On 23 October 2005, the Grandeur of the Seas left Baltimore heading for Bermuda. Hurricane Wilma was moving in the Atlantic and joined with Tropical Storm Alpha to create a major storm. The storm picked up speed and the Grandeur of the Seas was caught in the hurricane. The ship experienced extreme sea conditions and sustained damage on Deck 2 where windows were blown out and the deck was flooded.
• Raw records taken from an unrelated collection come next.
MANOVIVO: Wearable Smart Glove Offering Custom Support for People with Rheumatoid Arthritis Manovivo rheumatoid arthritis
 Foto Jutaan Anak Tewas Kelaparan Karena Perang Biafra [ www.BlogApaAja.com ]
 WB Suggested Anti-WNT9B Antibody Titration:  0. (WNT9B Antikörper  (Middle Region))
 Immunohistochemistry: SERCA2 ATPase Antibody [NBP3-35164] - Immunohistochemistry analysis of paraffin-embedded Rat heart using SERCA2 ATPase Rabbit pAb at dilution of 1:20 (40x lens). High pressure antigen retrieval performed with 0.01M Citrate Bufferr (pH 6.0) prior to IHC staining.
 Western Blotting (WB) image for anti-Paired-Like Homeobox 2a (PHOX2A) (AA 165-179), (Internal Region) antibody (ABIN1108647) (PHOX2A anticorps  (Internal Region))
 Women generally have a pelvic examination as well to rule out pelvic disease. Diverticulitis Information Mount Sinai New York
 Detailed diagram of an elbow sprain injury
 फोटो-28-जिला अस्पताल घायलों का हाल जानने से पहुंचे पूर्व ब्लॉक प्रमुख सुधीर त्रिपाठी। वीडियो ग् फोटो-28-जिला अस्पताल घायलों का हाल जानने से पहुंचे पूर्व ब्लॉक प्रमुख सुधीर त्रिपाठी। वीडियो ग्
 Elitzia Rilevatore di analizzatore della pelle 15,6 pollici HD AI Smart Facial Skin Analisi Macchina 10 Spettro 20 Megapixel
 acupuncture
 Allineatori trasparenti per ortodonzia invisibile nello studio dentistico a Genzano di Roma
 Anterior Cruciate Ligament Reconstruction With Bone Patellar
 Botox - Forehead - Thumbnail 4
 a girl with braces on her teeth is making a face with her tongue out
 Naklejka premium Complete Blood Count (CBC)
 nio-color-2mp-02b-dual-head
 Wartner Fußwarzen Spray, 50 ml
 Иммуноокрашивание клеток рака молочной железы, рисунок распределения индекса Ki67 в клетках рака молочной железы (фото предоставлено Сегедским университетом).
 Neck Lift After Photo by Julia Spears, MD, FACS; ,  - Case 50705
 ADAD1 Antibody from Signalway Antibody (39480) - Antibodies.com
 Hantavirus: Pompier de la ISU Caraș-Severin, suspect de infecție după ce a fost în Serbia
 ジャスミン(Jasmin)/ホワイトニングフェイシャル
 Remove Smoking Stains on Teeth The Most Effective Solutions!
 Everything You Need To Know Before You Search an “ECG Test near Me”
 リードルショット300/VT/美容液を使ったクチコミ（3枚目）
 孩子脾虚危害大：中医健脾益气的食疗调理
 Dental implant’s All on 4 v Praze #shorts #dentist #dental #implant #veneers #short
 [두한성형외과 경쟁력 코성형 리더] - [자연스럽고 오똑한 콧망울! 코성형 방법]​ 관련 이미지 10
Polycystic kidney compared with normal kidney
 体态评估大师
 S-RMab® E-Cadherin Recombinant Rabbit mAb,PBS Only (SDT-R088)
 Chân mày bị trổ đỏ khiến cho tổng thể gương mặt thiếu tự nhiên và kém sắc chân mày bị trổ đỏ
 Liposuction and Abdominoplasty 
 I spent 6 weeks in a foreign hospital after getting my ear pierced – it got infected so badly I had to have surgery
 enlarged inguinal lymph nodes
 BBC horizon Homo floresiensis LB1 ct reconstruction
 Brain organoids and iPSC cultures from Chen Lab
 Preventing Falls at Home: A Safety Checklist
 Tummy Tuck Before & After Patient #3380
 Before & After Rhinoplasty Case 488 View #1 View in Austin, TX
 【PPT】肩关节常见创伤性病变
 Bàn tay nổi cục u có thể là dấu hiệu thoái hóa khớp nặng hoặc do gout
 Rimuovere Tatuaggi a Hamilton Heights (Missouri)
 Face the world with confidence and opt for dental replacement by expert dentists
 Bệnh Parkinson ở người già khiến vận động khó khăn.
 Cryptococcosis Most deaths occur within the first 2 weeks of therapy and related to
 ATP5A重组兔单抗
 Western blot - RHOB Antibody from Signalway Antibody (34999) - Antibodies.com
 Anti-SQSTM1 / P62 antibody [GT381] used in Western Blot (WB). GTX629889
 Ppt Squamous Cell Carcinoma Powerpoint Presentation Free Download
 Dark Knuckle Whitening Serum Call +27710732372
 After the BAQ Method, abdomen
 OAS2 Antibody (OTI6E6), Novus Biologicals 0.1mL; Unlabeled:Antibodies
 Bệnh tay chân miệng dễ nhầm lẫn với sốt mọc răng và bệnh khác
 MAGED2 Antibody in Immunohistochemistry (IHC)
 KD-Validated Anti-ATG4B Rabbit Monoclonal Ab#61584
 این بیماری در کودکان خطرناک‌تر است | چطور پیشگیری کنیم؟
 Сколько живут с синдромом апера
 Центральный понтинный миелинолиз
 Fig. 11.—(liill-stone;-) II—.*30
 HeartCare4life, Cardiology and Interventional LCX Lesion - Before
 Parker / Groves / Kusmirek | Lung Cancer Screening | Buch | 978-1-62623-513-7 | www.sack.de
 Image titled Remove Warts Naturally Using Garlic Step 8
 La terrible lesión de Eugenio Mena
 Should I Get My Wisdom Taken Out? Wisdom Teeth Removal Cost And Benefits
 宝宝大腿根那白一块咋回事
Passengers stayed in their cabins during the intense part of the storm as it was impossible to navigate the halls or stairs and the elevators were disabled for safety. There were reports of damage in the restaurants, lounges, and bars with displaced furniture, broken fixtures and dishware. When the sea calmed, the ship sat stationary while sick or injured passengers were air lifted off the ship. No deaths were reported. The ship lost a day at port in Bermuda due to the storm. Repairs began immediately refitting windows and drying out wet cabins and hallways on Deck 2. Some shaken passengers deboarded in Bermuda and did not return to the ship finding flights home to Baltimore.

===Ship-board fire===
On 27 May 2013 at 2:50 am EDT, a fire broke out on the third deck of Grandeur of the Seas. The fire was extinguished within three hours, and major damage was limited to the aftmost sections of decks 3, 4, and 5. As a precaution, all passengers were required to report to evacuation locations for several hours. No evacuation was necessary, and the ship was able to continue under her own power to the Bahamas. The remainder of the cruise was canceled and passengers were flown back to their point of origin from Freeport, Bahamas.

===Capsized lifeboat===
On 16 January 2017, a lifeboat fell off Grandeur of the Seas while it was docked in Charleston as part of a 10-day Bahamas cruise. The fall wire of the lifeboat was undergoing scheduled maintenance and the wire slipped during retrieval, causing the lifeboat to fall into the water. The lifeboat subsequently capsized. No injuries were reported and the cruise was not delayed after Royal Caribbean consulted with the US Coast Guard.

===Mechanical issues===
In the early hours of 9 January 2018, Grandeur of the Seas experienced a loss of port side steering while on its way from Nassau, Bahamas to Baltimore, Maryland. The ship was able to travel safely, and turned around towards Freeport, Bahamas, but arrived in Port Canaveral on 10 January 2018. The detour and repair work ultimately added 2 nights to the 9-night cruise, with the ship arriving back in Baltimore on 13 January 2018 instead of the originally planned 11 January 2018. As a result, the subsequent cruise was shortened by two nights.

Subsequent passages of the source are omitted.